- _WHAT THE TASK REQUIRES_:
From the line containing "Relax with Leaf" through the last line of the listing, output each line exactly as it stands. Omit pictures.

- _INPUT DATA_:
——

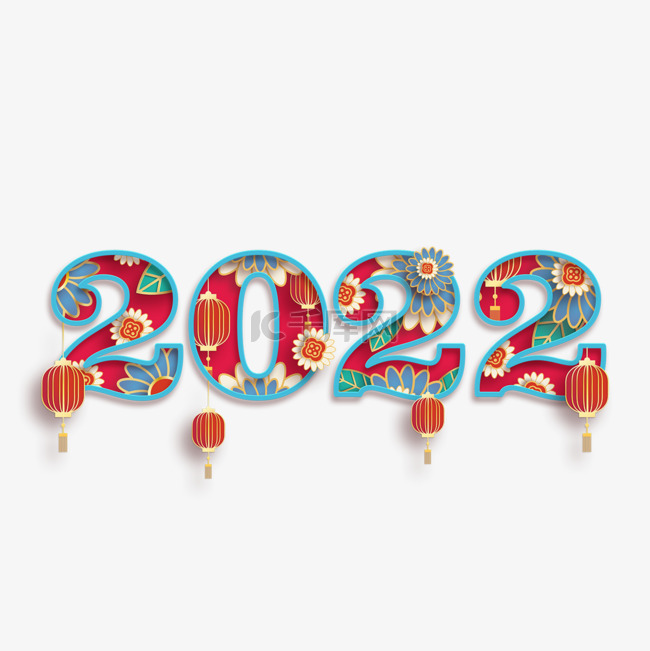 2022蓝色花朵红灯笼的新年春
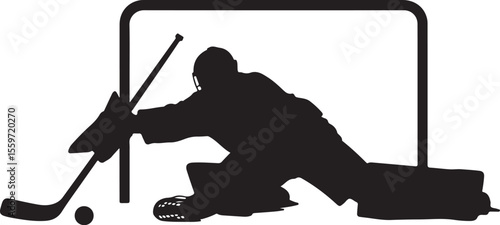 Hockey Stick and Puck Vector Clipart


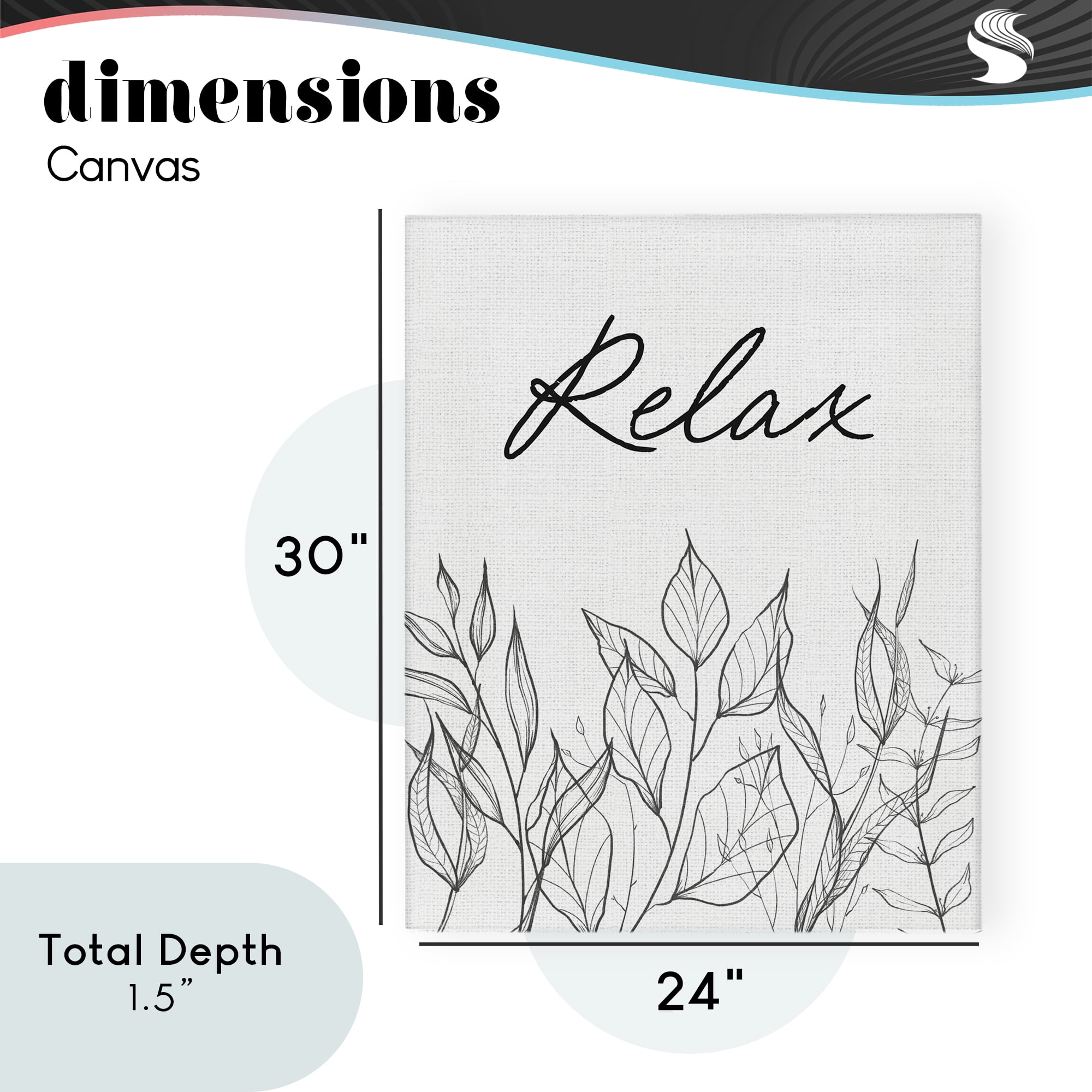 Relax with Leaf Outlines Canvas Wall Art, design by Lettered and Lined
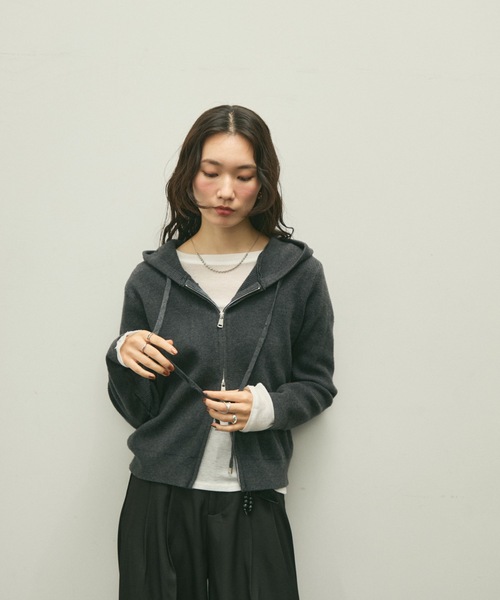 Hood knit zip up / フードニットジップアップ（パーカー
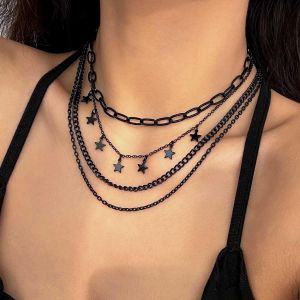 Tianyi-Gothique Noir &Eacute;toile Collier Noir Multicouche Croix Choke Collier Femmes Et Filles Bijoux (Collier A) - Neuf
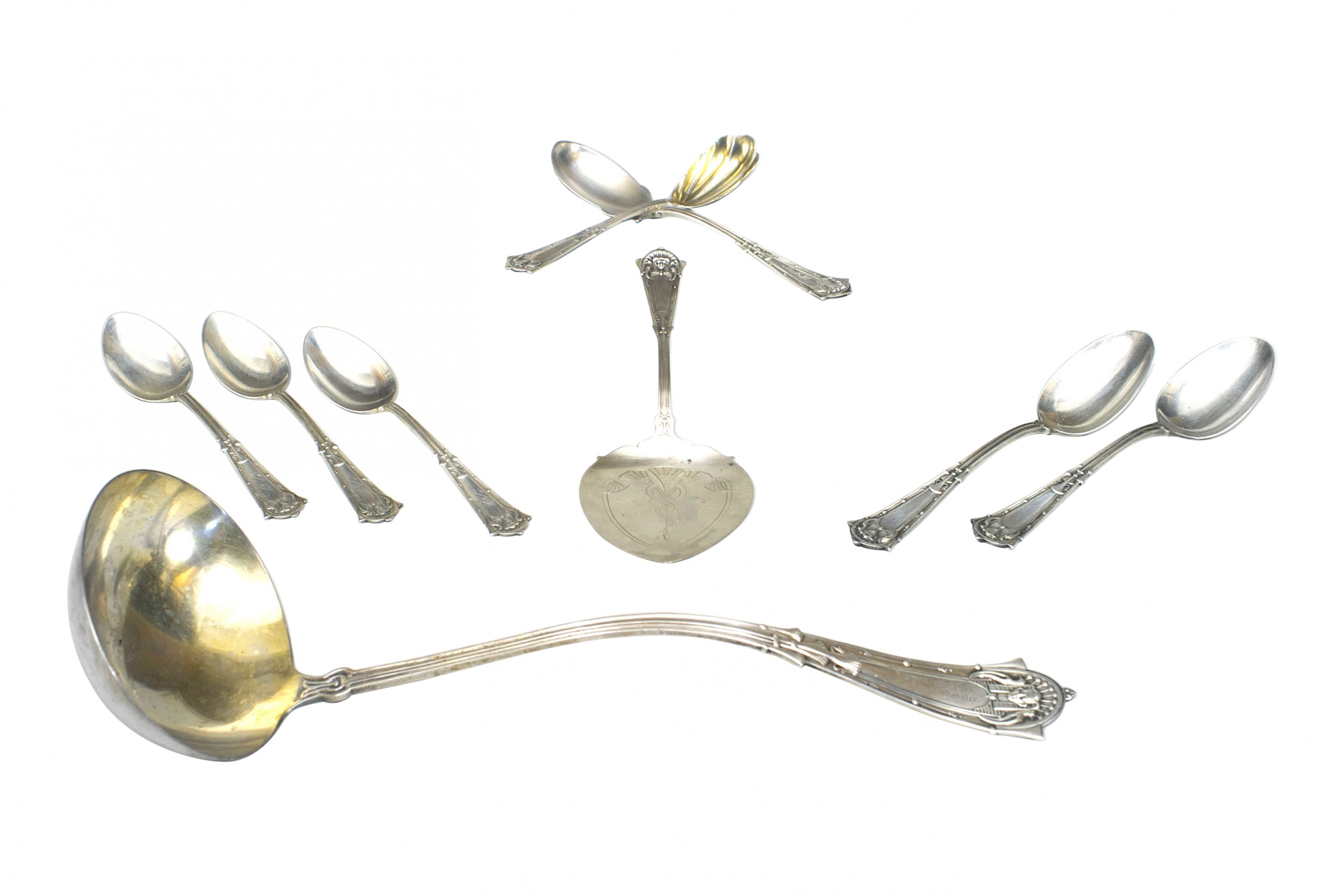 English arts crafts egyptian revival silver spoons 1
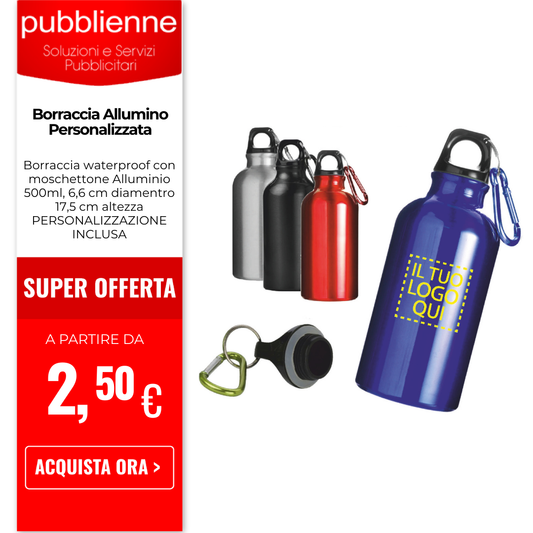 Borraccia Allumino Personalizzata personalizzato con logo - Pubblienne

——

- _RESPONSE_:
 Relax with Leaf Outlines Canvas Wall Art, design by Lettered and Lined
 Hood knit zip up / フードニットジップアップ（パーカー
 Tianyi-Gothique Noir &Eacute;toile Collier Noir Multicouche Croix Choke Collier Femmes Et Filles Bijoux (Collier A) - Neuf
 English arts crafts egyptian revival silver spoons 1
 Borraccia Allumino Personalizzata personalizzato con logo - Pubblienne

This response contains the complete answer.